Yeah, and I like the video imaging thing that you were talking about. We've certainly got a couple people looking at that, sort of the as design, then the as is built, maybe using something like a LiDAR radar scan of it, and then cameras to do the as it currently is and what's happening in real time. And that's become a real thing of people looking at it.

But also in processes, I think people tend to think AI is a “one and done,” but I'm seeing that as we do services and some of the stuff we do when we do managed services and so on is an iterative approach. Go back and look at not just the one piece, but the whole process again and see it from end to end. How do you see that working out where people are actually going back and not being lazy and going back and actually taking another shot at it, another shot at it? You can get some goodness in the first pass, but how is this iterative approach working?

Diane Gutiw:

Yeah, iterative, you know, having a conversation with your tools and conversation with your data. And actually, you've just twigged me on something that I wanted to mention to you, even outside of this podcast, is our digital triplet framework, for example, which for folks that may not understand is the ability to put this layer of AI, agentic AI, over top of our existing data assets. So, it could be anything from entire infrastructure that you're looking at all your systems and how they work together and have a conversation with that data. If I was to change this in my grid, how would that affect other things? If this happens, if I put a new power plant over here, how would I distribute? Which is one look, but also all the way down to healthcare, where you can look at an entire human body system and see complex information and connect dots between clinical notes, current lab tests, and so on. So that's our digital triplet.

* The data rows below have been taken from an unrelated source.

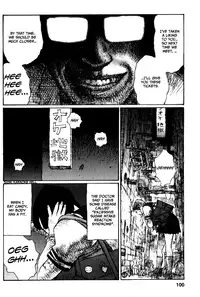 [Matsumoto Jiro] City of Honests and Heretics [English]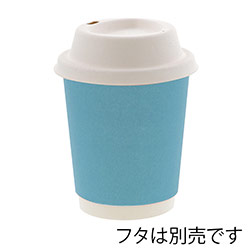 紙コップ 二重断熱カップ 8オンス(240ml) 口径80mm スカイブルー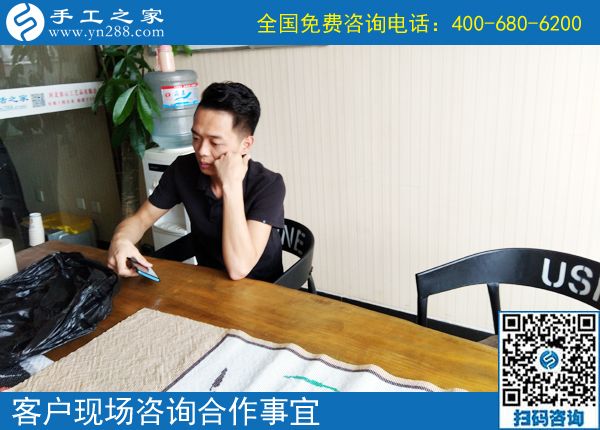 6月17日，手工活外放靠譜嗎？在家做這個(gè)手工活掙錢是真的。手工之家接待考察加工客戶剪影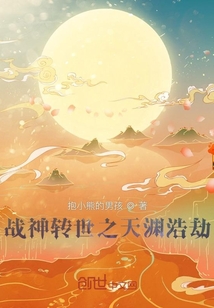戰神轉世之天淵浩劫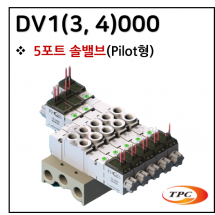 방향제어기기 - 25. DV1(3, 4)000(5포트 솔밸브) ※ 사양 선정 후 견적 의뢰 바랍니다.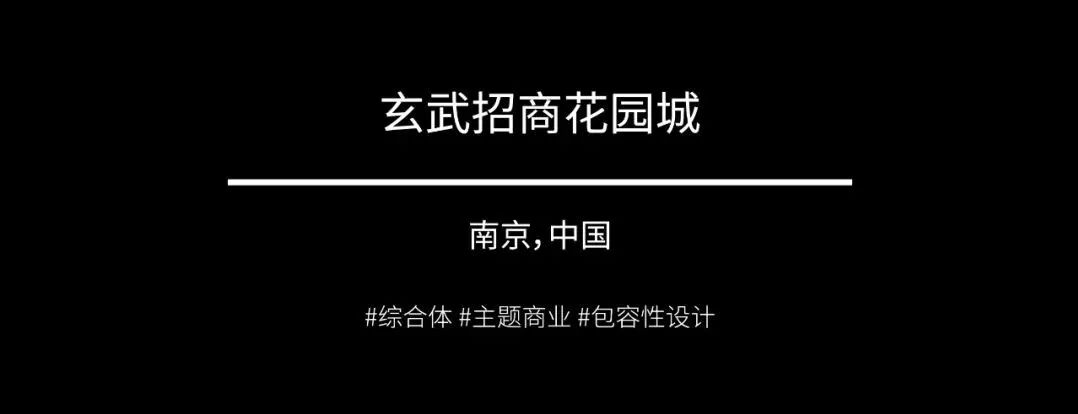 南京玄武招商花园城 | 从城市边缘到生活中心，重塑城市想象（建筑篇）
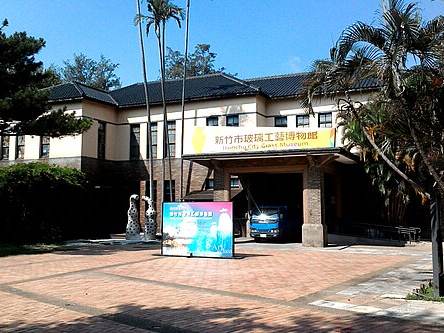 Glass Museum of Hsinchu City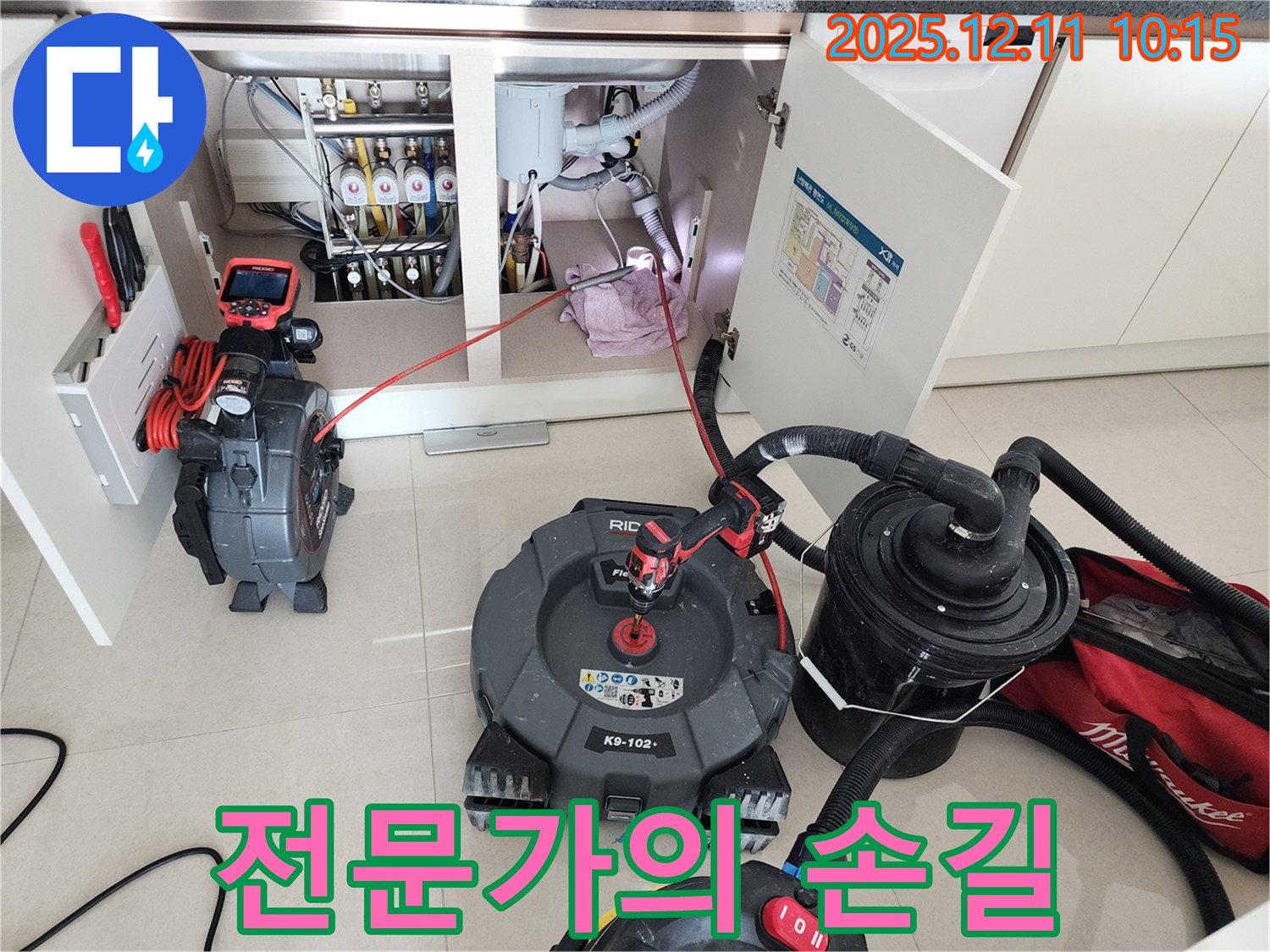 싱크대 하수구 - 전문가의 손길로 완벽 해결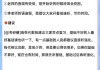 网课可以重修刷吗(网课可以重新刷吗?)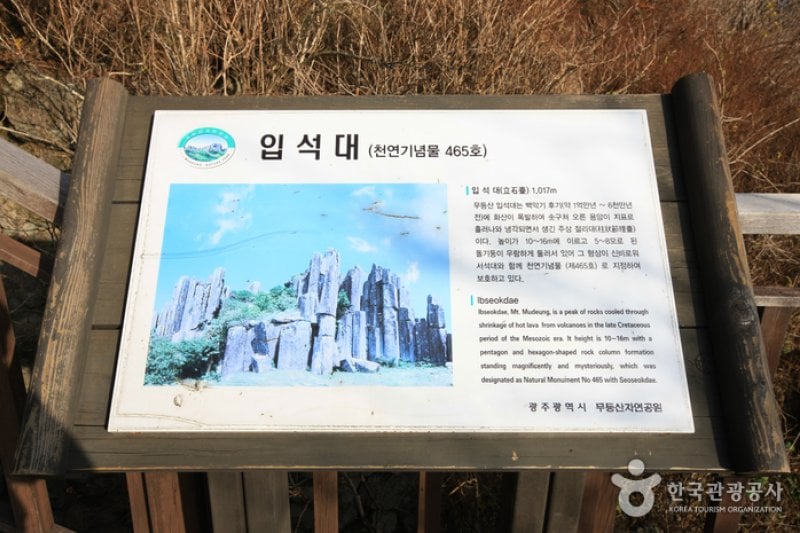 無等山 柱状節理帯（무등산 주상절리대） (12/24)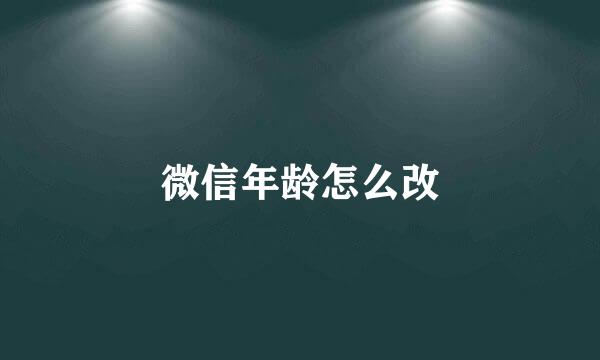 微信年龄怎么改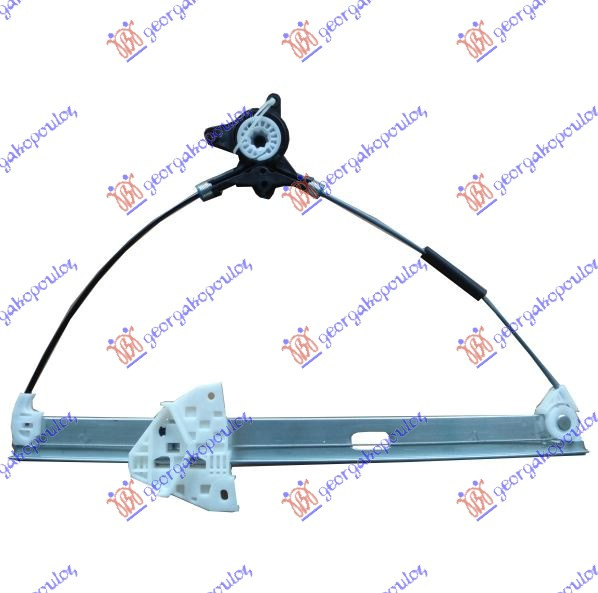 Ngritës/rregullator për dritaren e përparme elektrik (me motor)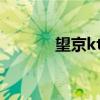 望京ktv有陪唱吗（望京 ktv）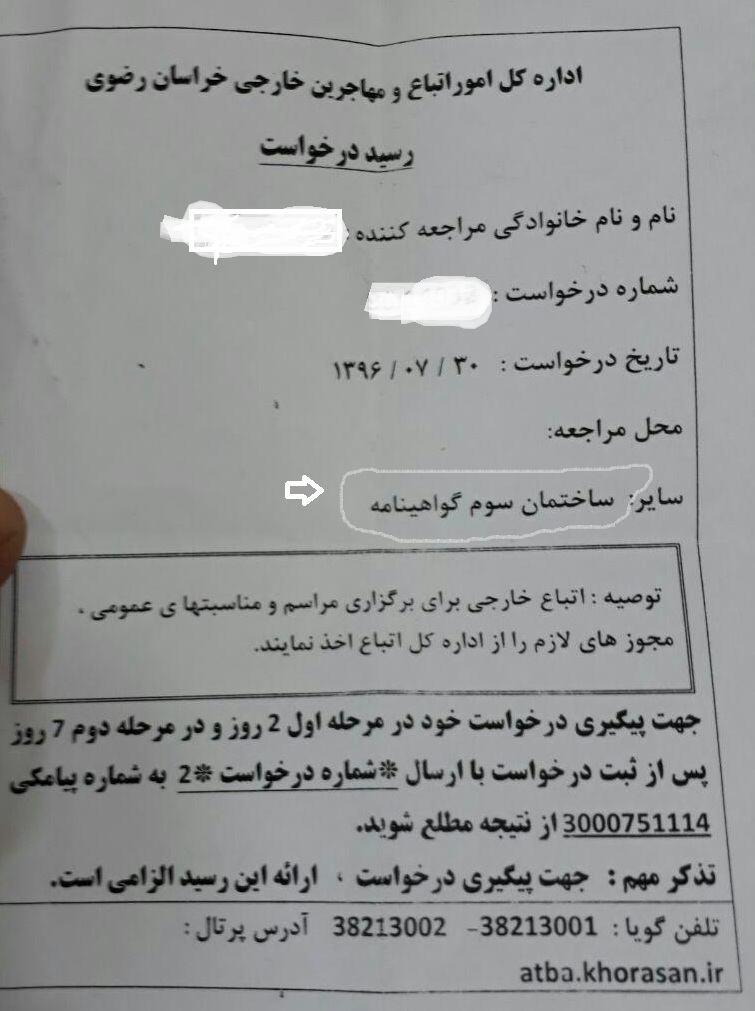 خبر صدور گواهینامه برای دارندگان کارت آمایش «مستند» شد - تصویر دوم خبر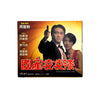 國產凌凌漆 From Beijing with Love - 周星馳 & 李力持 Stephen Chow & Lik-chi Lee [VCD]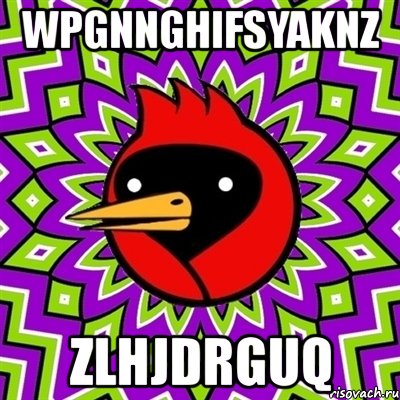 wpgnnghifsyaknz zlhjdrguq, Мем Омская птица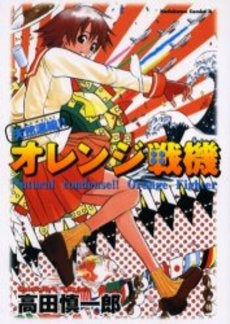 天然濃縮!!オレンジ戦機 (1巻 全巻)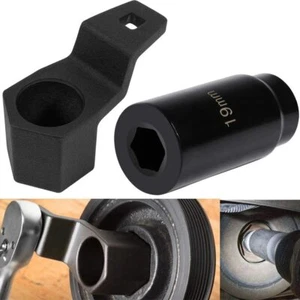 Enchufe equilibrador armónico de 19 mm y herramienta llave polea manivela de 50 mm para Honda Acura - Imagen 1 de 10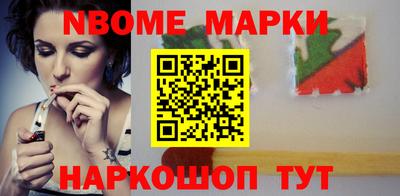 кокс Конаково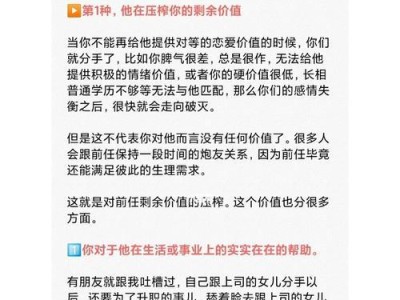 成功挽回前任的心——你必须知道的方法（从破镜重圆到爱情长跑，如何让前任重新回到你的身边？）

I was listening to a really interesting discussion with Jeffrey Hinton, who's one of the Canadian thought leaders in AI, around we're almost at the point we can have a conversation at the proton level. We can have a conversation at the genomics level. We're there. That's a digital triplet. So, if the data exists, we now have tools that we can fine-tune to understand the context of genomics, protons, and then have a conversation with that data. What would happen if I was to do this? How is this different than I would expect? What is the meaning of this? And what's my next best action if I want this result?

So, to your point on iterating, having a conversation with an expert that has a deep knowledge in whatever ecosystem you're talking about, that digital triplet concept is really moving the dial on being able to get better information about our assets, about information, and about that, even to that fine level of granularity. Like, what's the backside of this look like? And what would I expect to happen if this thing was to break down? What's my next best action?

Peter Warren:

Well, that's a great place to end this particular episode. We'll be picking up in part two and continue our talk with Dr. Diane Gutiw on diving a bit more into the connections into IoT operations and other elements. So, with that, thank you very much, and we'll pick you up in the next one. Bye bye.